Veel bibbergeld, veel leergeld

Wat kon er eigenlijk verkeerd gaan in de wedstrijd tegen Japan? Verliezen tegen de nummer 61 van de wereld, dat was toch onmogelijk? Dus werd er al vooruitgekeken naar de wedstrijd tegen Brazilië. Een interessante test zou het worden, een groot examen, het grootste voor deze al tot vervelens toe bejubelde gouden generatie.

De kwartfinale, daar was iedereen mee bezig. En de vraag of je daarin niet beter Brazilië kon ontwijken. Zweden of Zwitserland boden toch meer perspectieven om naar de halve finale door te dringen. En dan ligt de weg naar de finale open. Dus kon je best tegen Engeland niet winnen. Een belachelijke redenering. Maar slechts weinigen namen er aanstoot aan. Dagen werd er alleen maar over het scenario van die wedstrijd gesproken. Uiteindelijk wonnen de Rode Duivels met 1-0 omdat Adnan Januzaj met een prachtig doelpunt zijn klasse showde. Bondscoach Roberto Martínez leek er niet blij mee. Maar het zelfvertrouwen bleef intact. Ook bij de supporters. Het straatbeeld kleurde weer zwart, geel en rood.

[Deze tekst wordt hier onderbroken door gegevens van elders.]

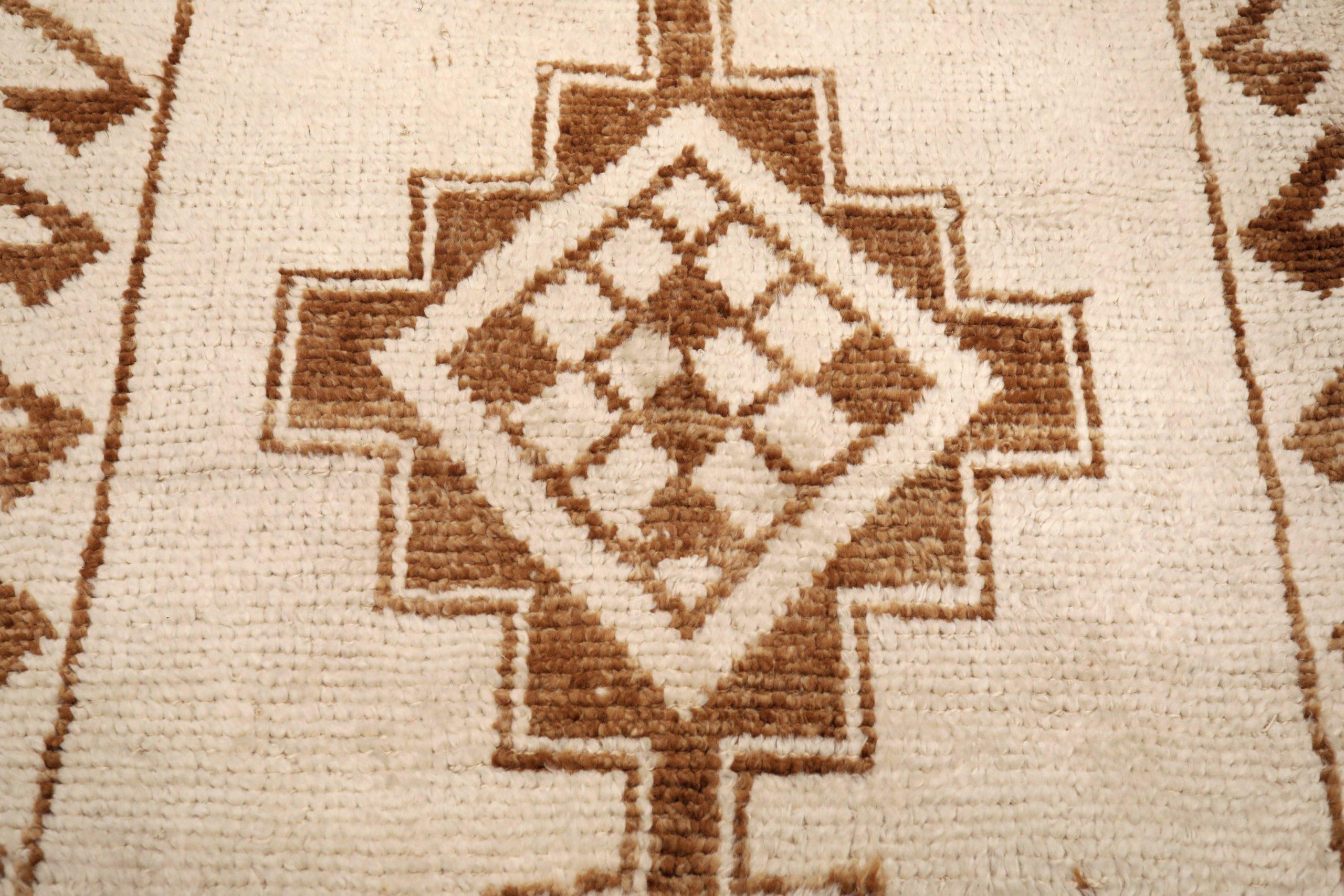 Tribale Tappeto Runner Turkey Anatoly - Lana Marrone Avorio Design - 93319 in vendita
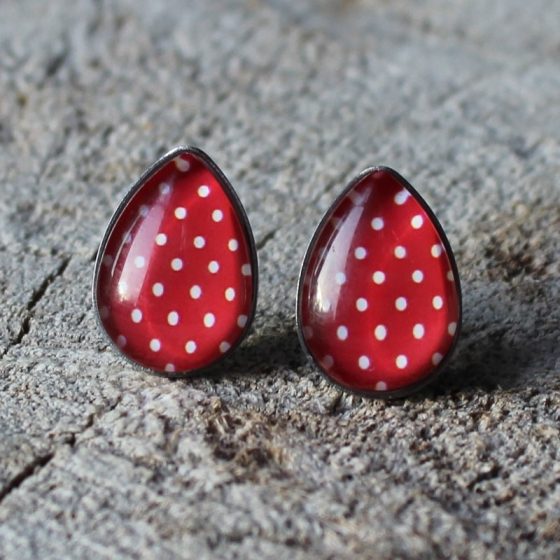 Boucles d'oreilles goutte pois rouge et blanc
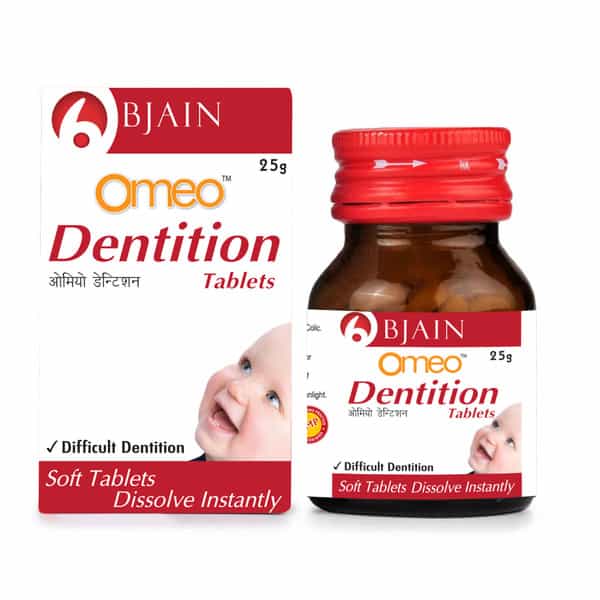 Bjain Omeo Dentition Tablets | Homeopathic Teething Support For Infants & Children | 2 X 25Gm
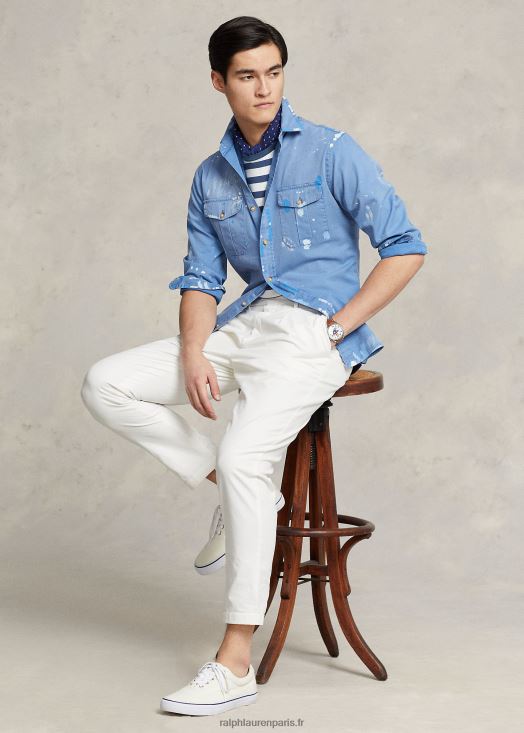 chemise de travail chino peinte coupe classique 46T60T879 Hommes Ralph Lauren retraite bleu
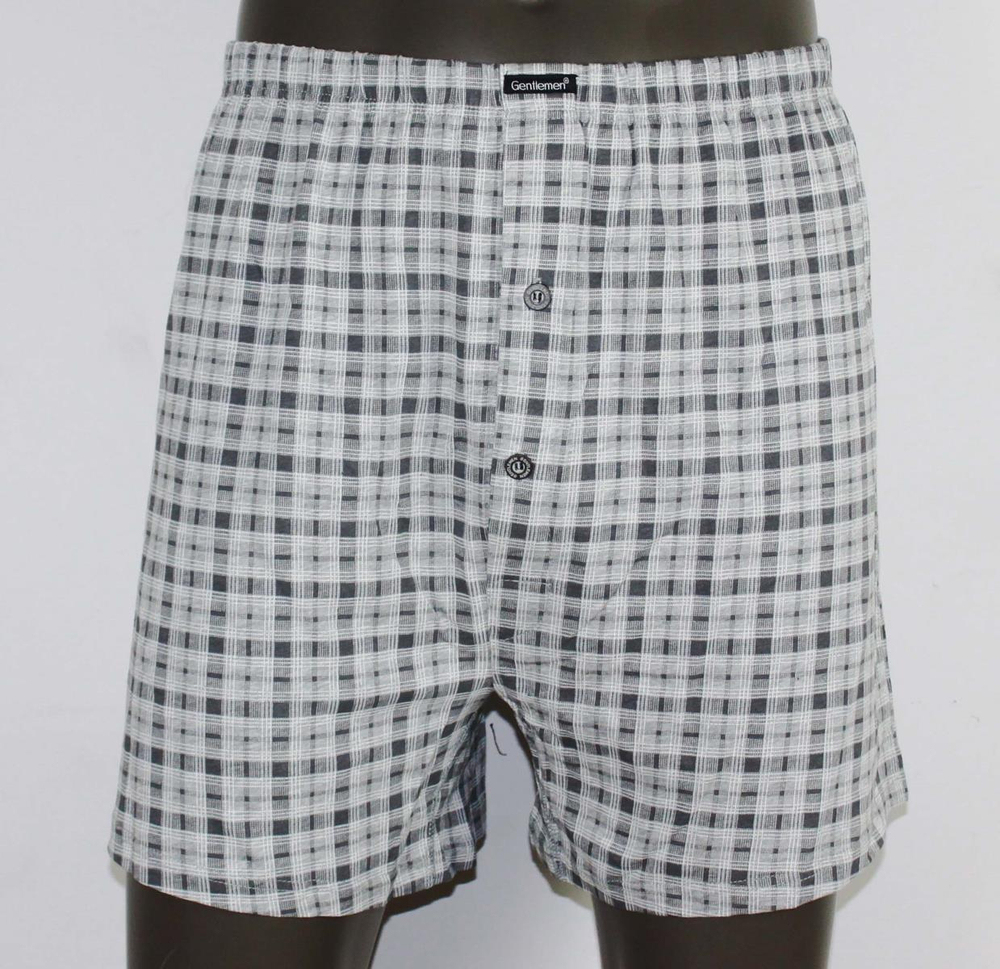 Хлопковые трусы-боксеры в клеточку (Размер: XXXL) (Цвет: серый)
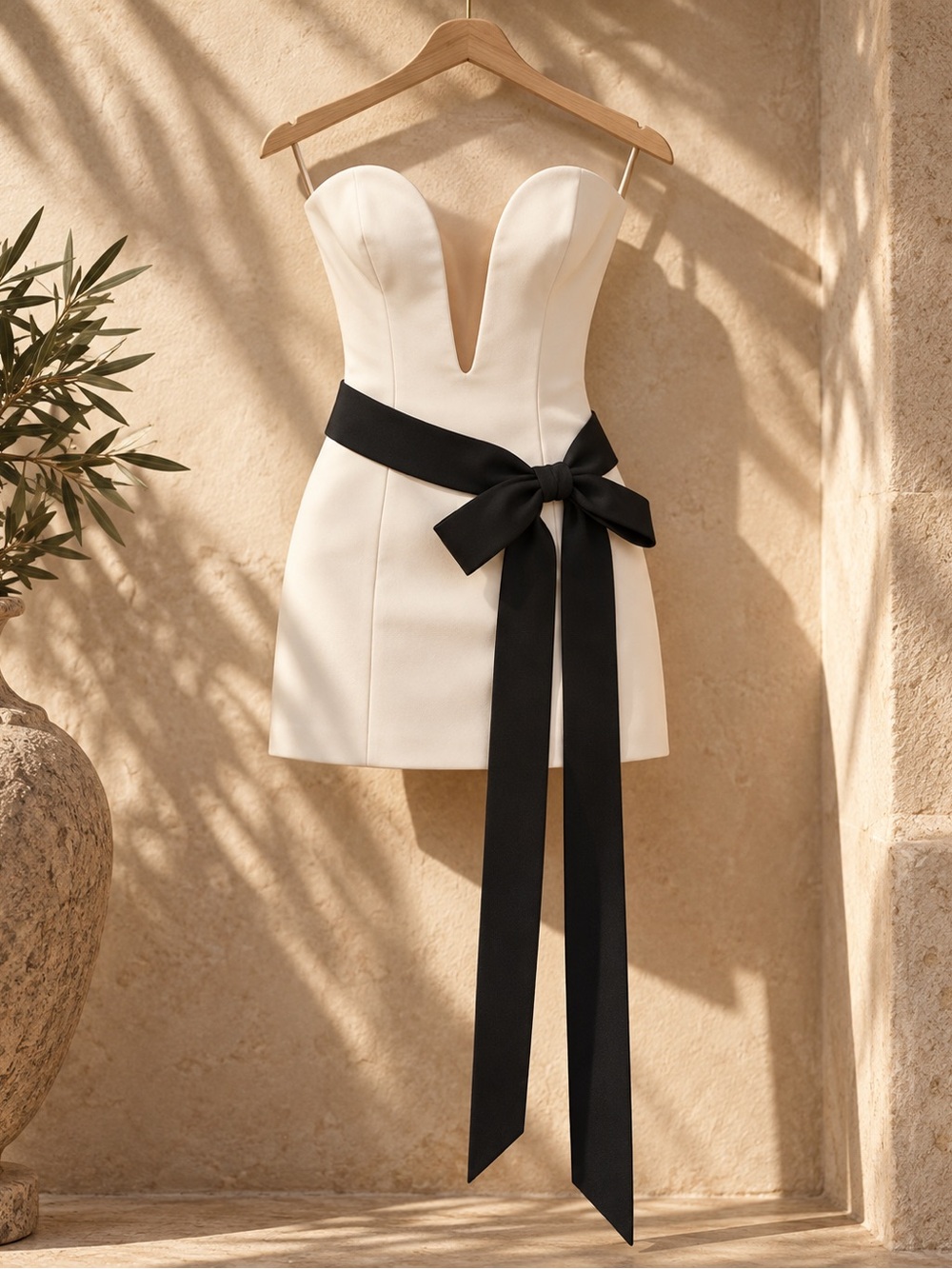 Oh Polly Neva Ivory Black Bow Strapless Mini Dress US 0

Was dit de tol van de zelfoverschatting?

Uiteindelijk bereikten de Rode Duivels die kwartfinale. Maar er werd veel, te veel bibbergeld betaald. België begon moeizaam aan de match, in de eerste helft was de balcirculatie te traag. Was dit de tol van de zelfoverschatting die in de rangen sloop? Na de 0-2-achterstand leek het er een tijdje op dat de Rode Duivels de tactische flexibiliteit misten om terug te slaan. Geen enkele speler die opstond. Ook Vincent Kompany niet die een paar slechte voorzetten verstuurde, terwijl Eden Hazard zichtbaar geïrriteerd was. De spelers keken vooral naar mekaar. Te veel mooiweervoetballers, maar te weinig krijgers, dat was op dat moment de conclusie.

Veel bibbergeld, veel leergeld
© BELGAIMAGE

Uiteindelijk kwam de omwenteling er toch nog en demonstreerde de ploeg alsnog mentale weerbaarheid. Zo kropen de Rode Duivels door het oog van de naald. En is iedereen weer helemaal bij de zaak. Vragen moeten er niettemin worden gesteld, bijvoorbeeld over de kwetsbaarheid van de defensie. Kan je vrijdag tegen Brazilië een systeem met drie man achteraan handhaven? Of is dat zelfmoord? Het thema zal allicht voldoende besproken worden. Het valt te hopen dat de Rode Duivels uit deze wedstrijd leren. Analyses zullen er ongetwijfeld intern worden gemaakt. Over de ruimte die werd weggegeven bijvoorbeeld.

Dat België naar de kwartfinale doorstoomde past eigenlijk niet in een WK waarin nogal wat favorieten voortijdig sneuvelen. Het is een toernooi met grillige prestatiecurves, met statisch en traag voetbal, met een stugge manier van verdedigen, met een festival van breedtevoorzetten, met vedetten die maar incidenteel flitsen en niet bij machte zijn verdedigingslinies te ontmijnen. Zijn het de naweeën van een zware competitie voor die voetballers die bij Europese topclubs spelen en die tot 70 wedstrijden per jaar afwerken? Is de grens van de belastbaarheid langzamerhand overschreden? Steeds korter worden de zomervakanties, zelfs in periodes zonder groot toernooi. Maar de FIFA houdt in zijn zucht naar commercie amper rekening met sportieve overwegingen. Binnen acht jaar wordt er een WK met 48 ploegen georganiseerd, in drie landen. Nog meer wedstrijden, nog minder spektakel.

Het WK van 2018 zal niet de geschiedenis ingaan als het meest spectaculaire. Tenzij misschien toch nog uit Belgisch oogpunt. Als nonchalance wijkt voor concentratie, als overwinningen zoals die tegen Panama en Tunesië in de juiste context worden geplaatst. En als de ploeg zich vrijdag tegen Brazilië herpakt en van de ruimte kan profiteren om efficiënt om te schakelen. En als het recept wordt gevonden om Neymar, na zijn blessure en lange inactiviteit de meest frisse van alle supersterren, aan de ketting te leggen. De match tegen Brazilië is voor deze generatie een uitgelezen kans om het nu écht te doen.